*** DATASET ENTRIES Section Begins ***

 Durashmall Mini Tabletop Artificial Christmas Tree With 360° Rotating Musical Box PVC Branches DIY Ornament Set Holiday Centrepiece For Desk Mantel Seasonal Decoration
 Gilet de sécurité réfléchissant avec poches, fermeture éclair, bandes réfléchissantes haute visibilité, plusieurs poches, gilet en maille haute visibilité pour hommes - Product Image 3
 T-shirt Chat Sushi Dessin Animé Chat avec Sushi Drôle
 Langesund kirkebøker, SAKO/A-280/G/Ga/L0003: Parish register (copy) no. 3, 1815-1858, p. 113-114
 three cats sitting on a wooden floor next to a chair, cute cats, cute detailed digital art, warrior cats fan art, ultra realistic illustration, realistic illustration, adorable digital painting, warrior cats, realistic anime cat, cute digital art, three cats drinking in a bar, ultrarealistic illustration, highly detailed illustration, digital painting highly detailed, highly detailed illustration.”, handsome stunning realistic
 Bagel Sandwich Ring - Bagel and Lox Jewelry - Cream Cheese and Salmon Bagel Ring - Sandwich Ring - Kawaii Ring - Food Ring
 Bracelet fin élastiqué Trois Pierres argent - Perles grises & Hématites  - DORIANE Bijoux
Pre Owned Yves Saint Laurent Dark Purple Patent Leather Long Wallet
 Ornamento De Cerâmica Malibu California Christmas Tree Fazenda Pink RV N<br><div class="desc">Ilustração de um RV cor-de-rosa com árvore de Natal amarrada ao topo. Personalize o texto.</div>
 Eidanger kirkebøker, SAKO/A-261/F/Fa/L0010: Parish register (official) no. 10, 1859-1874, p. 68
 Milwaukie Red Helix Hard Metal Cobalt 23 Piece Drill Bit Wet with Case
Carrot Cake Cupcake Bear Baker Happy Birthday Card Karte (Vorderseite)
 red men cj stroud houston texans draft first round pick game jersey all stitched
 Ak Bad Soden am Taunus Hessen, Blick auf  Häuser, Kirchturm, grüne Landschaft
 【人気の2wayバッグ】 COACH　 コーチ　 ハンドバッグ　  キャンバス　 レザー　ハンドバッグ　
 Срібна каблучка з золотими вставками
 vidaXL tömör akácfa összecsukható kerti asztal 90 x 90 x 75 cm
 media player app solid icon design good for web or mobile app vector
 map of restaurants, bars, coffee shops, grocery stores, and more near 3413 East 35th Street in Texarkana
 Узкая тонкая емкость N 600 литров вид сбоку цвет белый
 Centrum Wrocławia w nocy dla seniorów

*** DATASET ENTRIES Section Ends ***

The response must consist solely of the lines from the top of the records through the line holding "Pre Owned Yves", copied word for word.

 Durashmall Mini Tabletop Artificial Christmas Tree With 360° Rotating Musical Box PVC Branches DIY Ornament Set Holiday Centrepiece For Desk Mantel Seasonal Decoration
 Gilet de sécurité réfléchissant avec poches, fermeture éclair, bandes réfléchissantes haute visibilité, plusieurs poches, gilet en maille haute visibilité pour hommes - Product Image 3
 T-shirt Chat Sushi Dessin Animé Chat avec Sushi Drôle
 Langesund kirkebøker, SAKO/A-280/G/Ga/L0003: Parish register (copy) no. 3, 1815-1858, p. 113-114
 three cats sitting on a wooden floor next to a chair, cute cats, cute detailed digital art, warrior cats fan art, ultra realistic illustration, realistic illustration, adorable digital painting, warrior cats, realistic anime cat, cute digital art, three cats drinking in a bar, ultrarealistic illustration, highly detailed illustration, digital painting highly detailed, highly detailed illustration.”, handsome stunning realistic
 Bagel Sandwich Ring - Bagel and Lox Jewelry - Cream Cheese and Salmon Bagel Ring - Sandwich Ring - Kawaii Ring - Food Ring
 Bracelet fin élastiqué Trois Pierres argent - Perles grises & Hématites  - DORIANE Bijoux
Pre Owned Yves Saint Laurent Dark Purple Patent Leather Long Wallet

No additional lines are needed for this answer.